The study, to appear in the June issue of The Bulletin of Insectology, provides "convincing evidence" of the link between imidacloprid and CCD, claim the authors, led by Alex Lu, associate professor of environmental exposure biology in the school's Department of Environmental Health. It follows two other widely publicised studies, from Britain and France, published last week in the journal Science, which strongly suggested that neonicotinoids were linked to the declines in bees and other pollinating insects seen in Europe and the US.
Neonicotinoids, which attack the central nervous system of insects, are considered by some scientists as dangerous to species which are not the compounds' principal targets, because they are "systemic" – meaning they do not just sit on the surface of a plant but are taken up into every part of it, including the pollen and nectar, where they can be ingested repeatedly by bees and other pollinating insects.
Imidacloprid, manufactured by the German agrochemicals giant Bayer, was one of the first neonicotinoids to be introduced and has since been used on millions of acres of crops, especially in the US. The compound was Bayer's top-selling insecticide in 2009, earning the company £510m.
The Harvard researchers dosed bees with imidacloprid at levels "determined to reflect imidacloprid residues reported in the environment previously", they said. They found that at the end of the research period, the hives had been abandoned.

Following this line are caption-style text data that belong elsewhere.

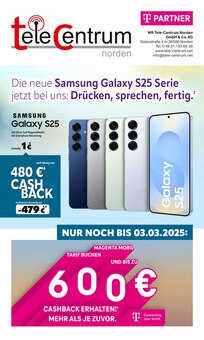 WR Tele-Centrum Norden GmbH & Co.KG Prospekt Die neue Samsung Galaxy S25 Serie jetzt bei uns: Drücken, sprechen, fertig. mit  Seiten in Aurich und Umgebung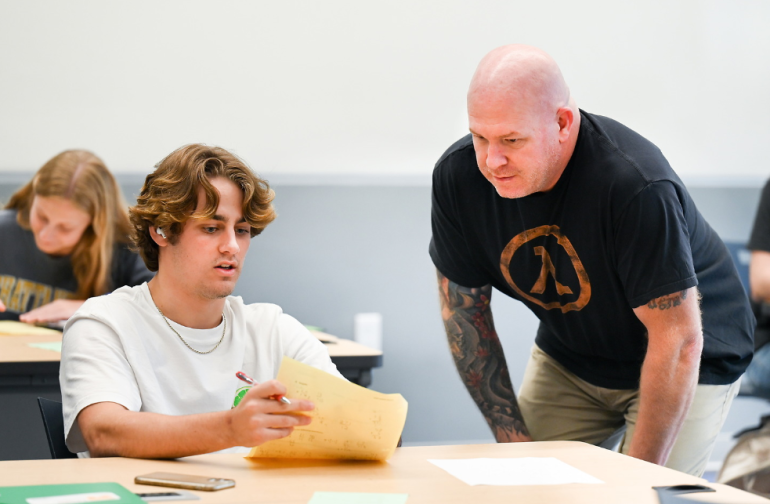 Step Ahead Math Boot Camp Instructor Helping Student
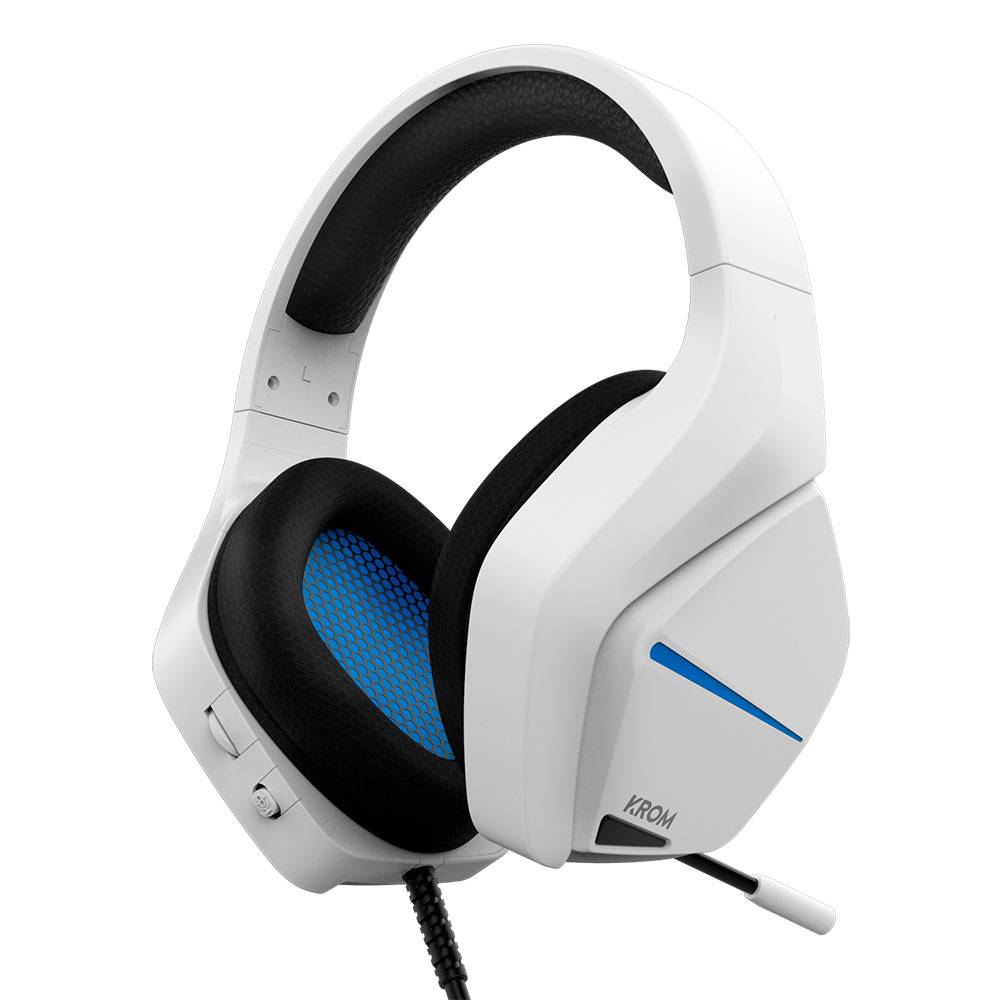 Auscultadores Gaming com Microfone Krom Kopa Move/ Jack 3.5/ Brancos - Imagem 3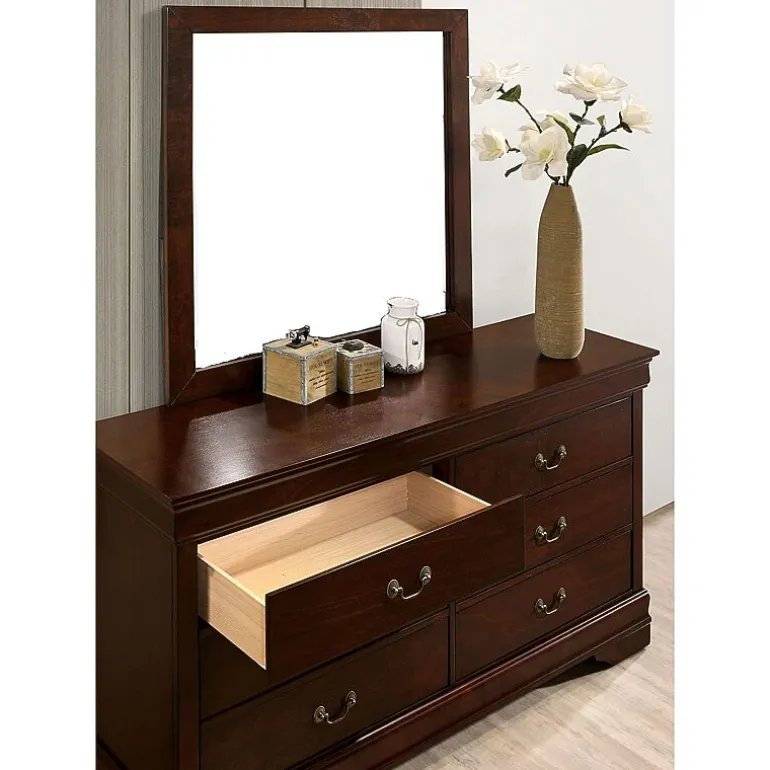 Lihte 5 Piece Wooden Bedroom Set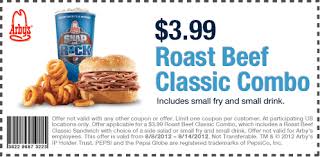 Roast Beef Combo Meal For Under 4 Bucks At Arbys Coupon Via The Coupons App You Can Even Get A Salad Instead Of Printable Coupons Coupon Apps Sample Coupons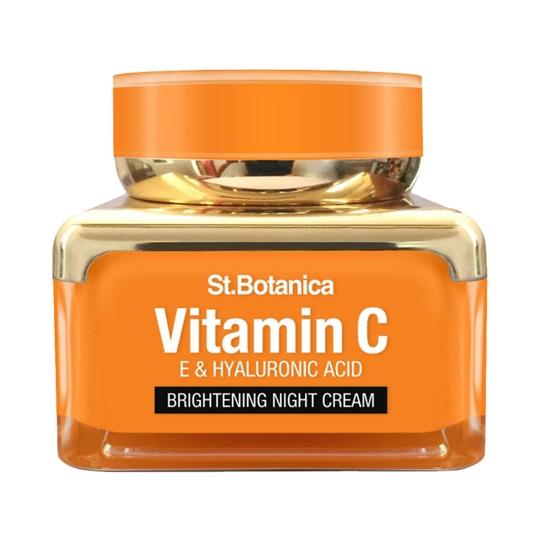 St.Botanica Vitamin C, E & Hyaluronic Acid Brightening Night Cream (50g)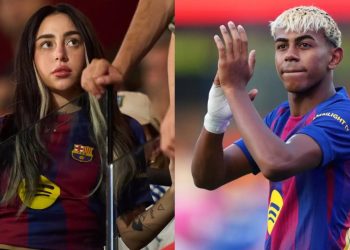 Foto: Pas thashethemeve për një ndarje të bujshme pas 13 ditësh lidhjeje, sulmuesi spanjoll zbardh të vërtetën për Yamal dhe këngëtaren që është 7 vite më e madhe.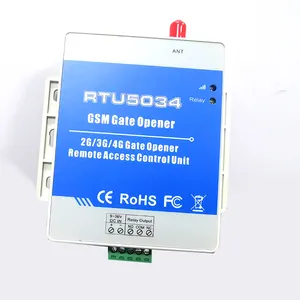 4G GSM 2G APP SMS 원격 제어 단일 릴레이 스위치 GSM 게이트 오프너 RTU5034 슬라이딩 스윙 게이트 오프너 (RTU5024 교체)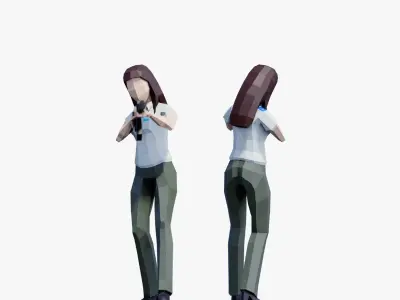 Air Force Soldiers - Animated and Rigged Low-poly 3D model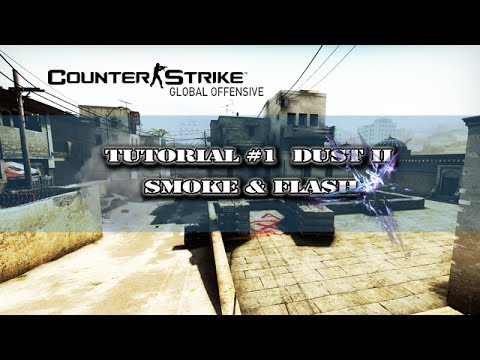CSGO Dust 2 Smoke and Flash Tutorial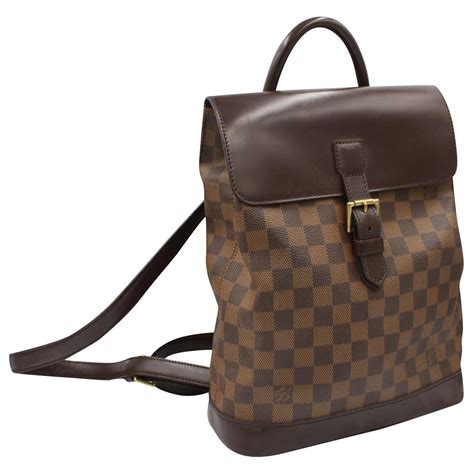 Louis Vuitton Backpack In Checkered Canvas Brown Cloth Ref181845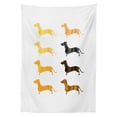 thumbnail image 3 of Ambesonne Dachshund Tablecloth Rectangular Table Cover, Vintage Silhouettes, 60"x90", Marigold Black Orange, 3 of 4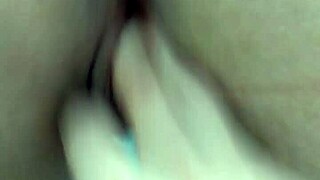 Amateur enjoys finger play in intimate areas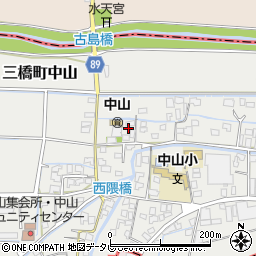 福岡県柳川市三橋町中山499周辺の地図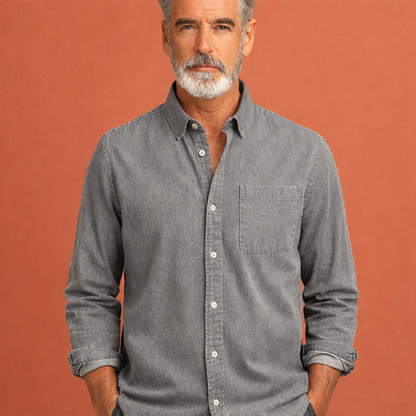 Classic button-down shirt for men with timeless design | Wouter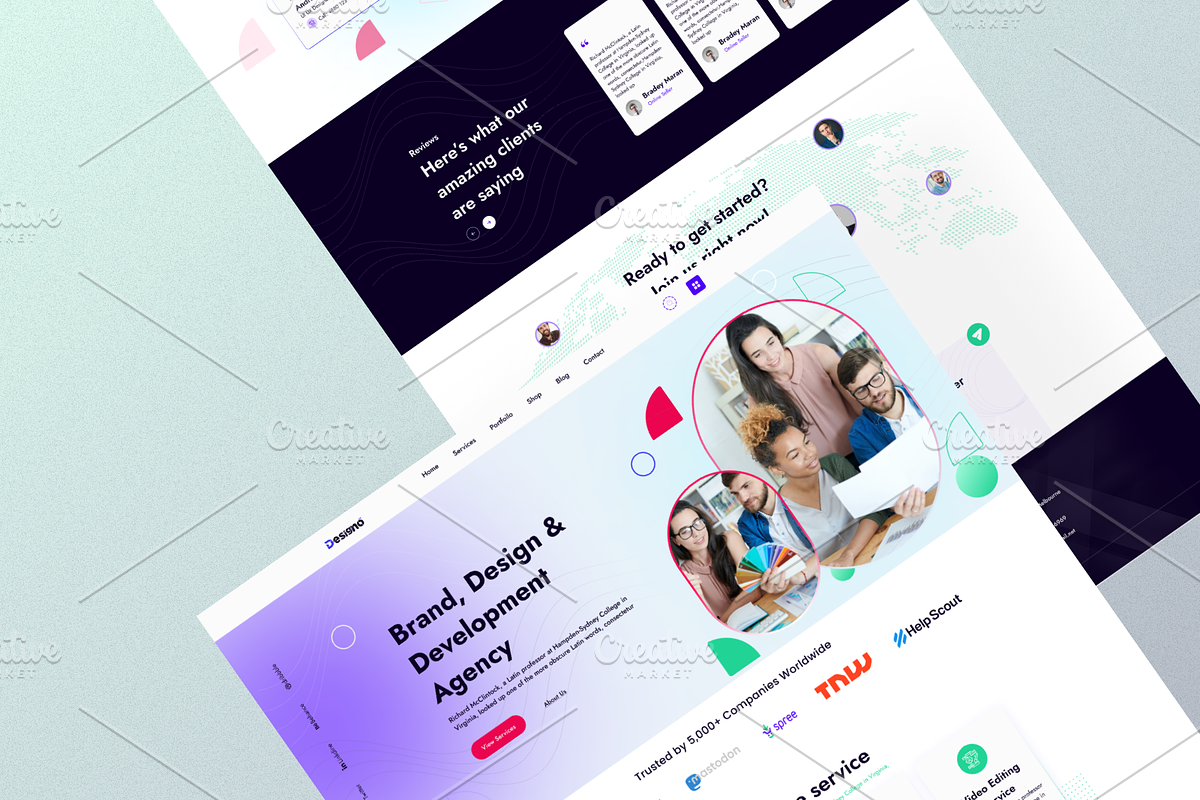 Design Agency Website Template, a Landing Page Template by DesignsLab (Photo 3 of 4)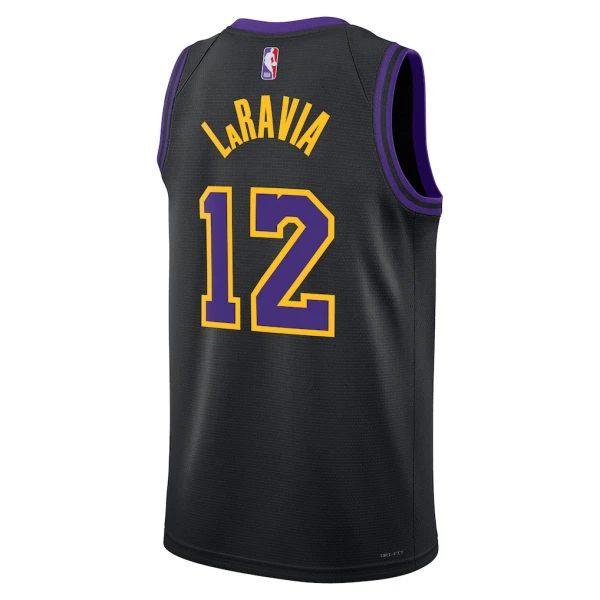 Maglia Los Angeles Lakers Jake Laravia City Edition 2025-26 Swingman Nero - Uomo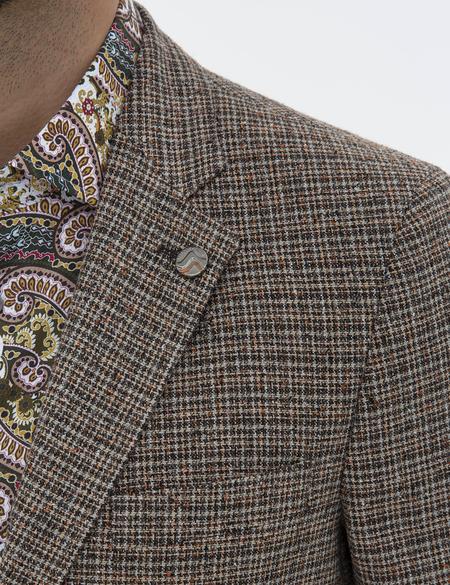 Kahverengi Slim Fit Ceket - 50238656071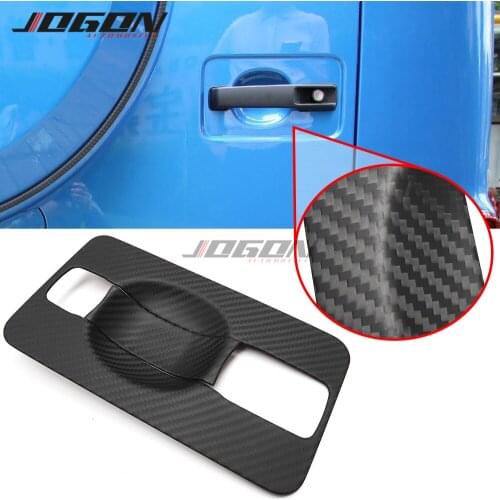 Real Carbon Tail gate Rear Door Handle Bowl Cup Trim For Mercedes Benz G Class W464 G63 G500 G550 2019 2020 Car Accessories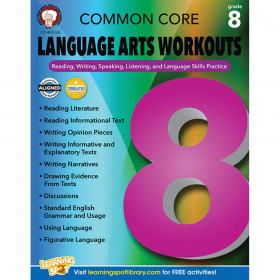 Common Core Language Arts Workouts, Grade 8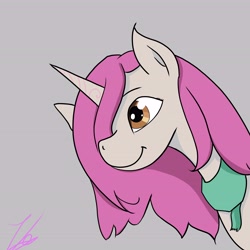 Size: 5906x5906 | Tagged: safe, artist:reinbou, primrose (g5), pony, unicorn, g5, my little pony: a maretime bay adventure, brown eyes, clothes, female, logo, mare, scarf, solo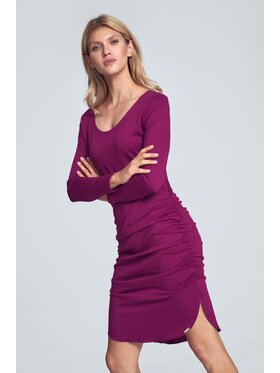 FIGL FIGL Sukienka M714 Różowy Slim Fit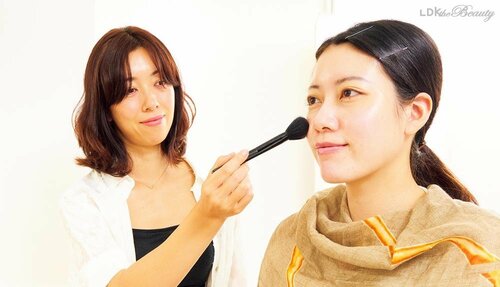 テスト1:仕上がり プチプラチークおすすめ イメージ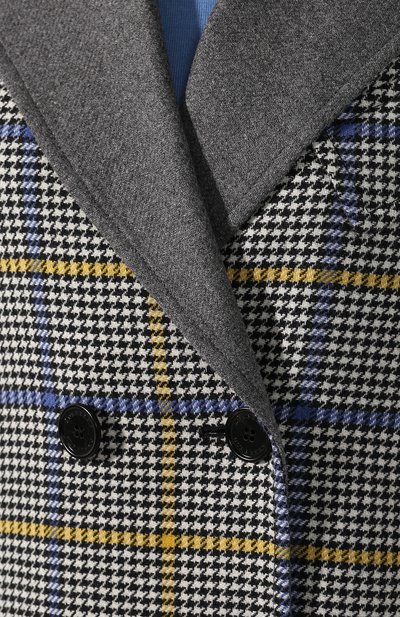 Шерстяное пальто BURBERRY разноцветного цвета по цене 266000 руб., арт. 8006306, фото 5 Шерстяное пальто BURBERRY, арт. 8006306, фото 5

The Green MP, Caroline Lucas, said yesterday: "This research from Harvard, together with the two recently published studies from Britain and France, clearly exposing the risk to bee colonies from neonicotinoid insecticides, should be a deafening wake-up call for the Government."
She has written to the Environment Secretary, Caroline Spelman, "to demand an immediate ban on both lethal and non lethal doses of neonicotinoids". No one from Bayer was available to comment yesterday. However, Matt Shardlow, chief executive of Buglife, the invertebrate conservation charity, criticised the Harvard research. "This study is further evidence of the toxicity of neonicotinoids to bees, but the levels of pesticide in the food fed to the bees was higher than would be found in pollen and nectar in treated crops, hence it would be stretching the point to claim that it was strong evidence that neonicotinoids are responsible for Colony Collapse Disorder," he said.